Academic requirements.
http://www.juilliard.edu/admissions/generalap.html
Quote
Juilliard does not require the SAT, ACT, or Achievement tests. However, the Test of English as a Foreign Language (TOEFL) and the Test of Written English (TWE) will be required of students for whom English is not a native language. The minimum required TOEFL score is 533 for the paper-based TOEFL or a 200 for the computer-based TOEFL exam.

In addition to the general requirements and procedures for admission to The Juilliard School, please note the following:

Drama and Music candidates must be high school graduates or have earned the equivalent of a high school diploma.

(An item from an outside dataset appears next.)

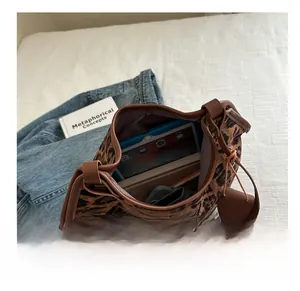 Detailed internal view of large leopard print bucket bag holding a tablet and notepad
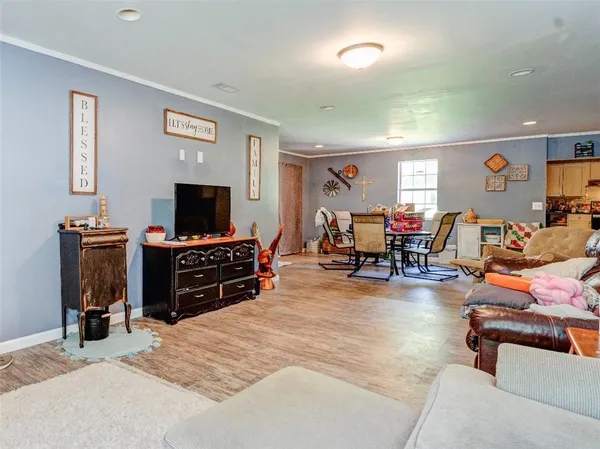 a room with furniture and a flat screen tv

Dance candidates must either be high school graduates, or have earned the equivalent of a high school diploma, or apply under the Early Admissions program. Early Admissions candidates apply during their junior year in high school and must be at least 16 years old upon matriculation. They must be highly talented, strongly endorsed by their principal teachers and school counselors, and show evidence of exceptional maturity.

Dance and Music applicants must present official transcripts of high school and college grades from all schools attended. Dance applicants must also submit a health form. Drama applicants need to submit these credentials only after their acceptance by that division.

Many departments require applicants to submit a videotape or standard cassette tape of the required audition repertoire with their application for pre-screening purposes. Please refer to the application on the Unified Application for Conservatory Admission Web site for specifics. The Admissions Office will notify applicants regarding their eligibility for a personal audition.
So you can apply under their Early Admissions program during your junior year of high school, but you'll need strong endorsements from teachers, a lot of maturity, and an audition.

Juilliard is basically a "college for performers". Is that what you had in mind?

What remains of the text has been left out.